A typical HTML will contains script, id, class, style, data attributes and much more other HTML tags/attributes. As most of these are not supported in Markdown, removal of all HTML tags/attributes while remaining only a handful of what we need will drastically the markdown output later on.

Beautiful Soup 4 is used for this step. The command below uses pip to install the python library.

pip install beautifulsoup4

After installing, running the code example below will remove all HTML attributes except for src and href, and removing all script and style tags. I also posted this solution in this SO Q&A.

# https://beautiful-soup-4.readthedocs.io/en/latest/#searching-the-tree
from bs4 import BeautifulSoup, NavigableString

def unstyle_html(html):
    soup = BeautifulSoup(html, features="html.parser")

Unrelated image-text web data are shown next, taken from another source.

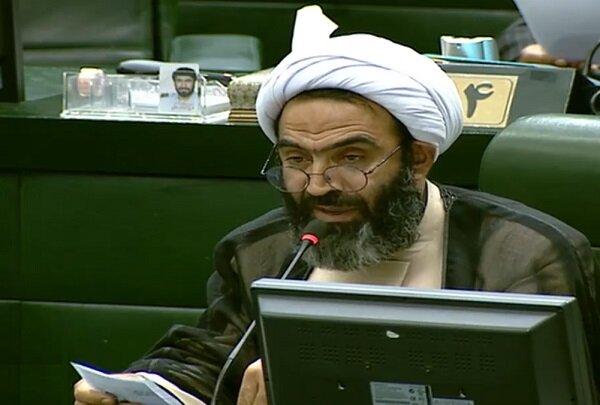 انتقاد نماینده مجلس از تخصیص ارز به واردات ژیلت در بحران نهادههای دامی / تخصیص ارز , نهاده دامی , واردات ژیلت , وزارت جهاد کشاورزی , استیضاح وزیر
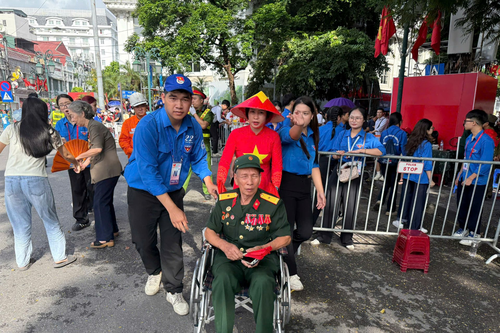 Ấm áp nghĩa tình áo xanh tình nguyện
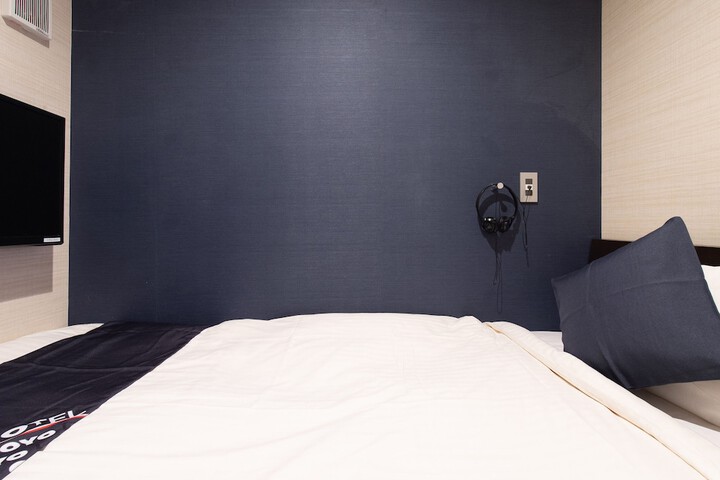 Room 3 of 63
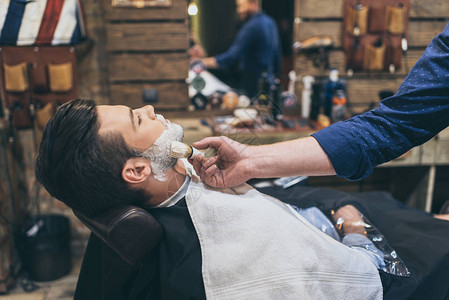 理发店在客户刮胡子前应用图片
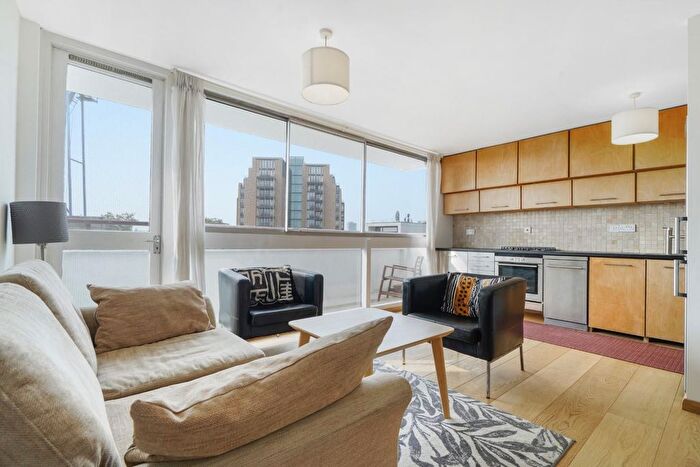 1 Bedroom Flat To Rent In Luxborough Towers, Luxborough Street, London, W1U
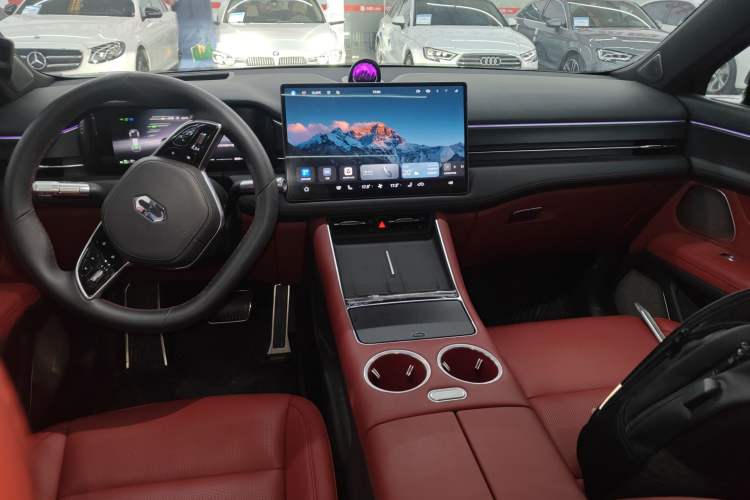 Used Hima AITO M5 2025 Extended-Range Ultra Rear-Wheel-Drive Version Center Console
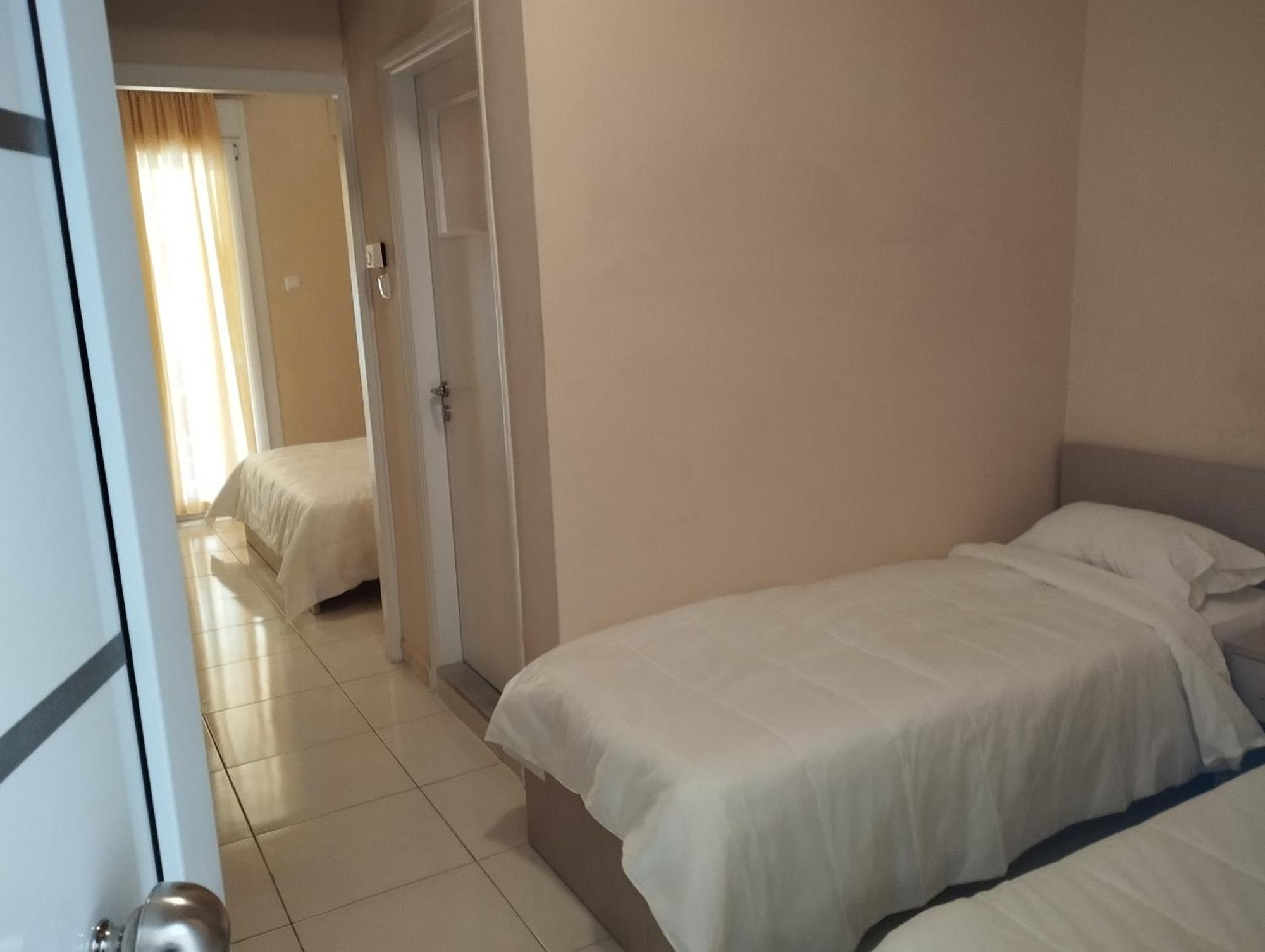 Eleni Kandilari Hotel 2*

    # remove all attributes except for `src` and `href`
    for tag in soup.descendants:
        keys = []
        if not isinstance(tag, NavigableString):
            for k in tag.attrs.keys():
                if k not in ["src", "href"]:
                    keys.append(k)
            for k in keys:
                del tag[k]

    # remove all script and style tags
    for tag in soup.find_all(["script", "style"]):
        tag.decompose()

    # return html text
    return soup.prettify()

2️⃣ Step 2 ↑top

To convert from the sanitize HTML into Markdown, pandoc is used. This is a command line tool, an external library is installed using pip to use pandoc easier in Python.

pip install pypandoc

After installing, the code snippet below shows how to call pypandoc to convert HTML into Markdown.

pypandoc.convert_file(html_path,
    'markdown+pipe_tables+backtick_code_blocks-markdown_attribute',
    format='html',
    outputfile=md_path)

This pandoc documentation shows all the supported input and output formats. If you are curious about the 'plus' and 'minus' strings after the format, those are for adding or removing pandoc extensions respectively. The Markdown files generated using these extensions provide the best imported Joplin notes. Check out this section to understand more details about the extensions.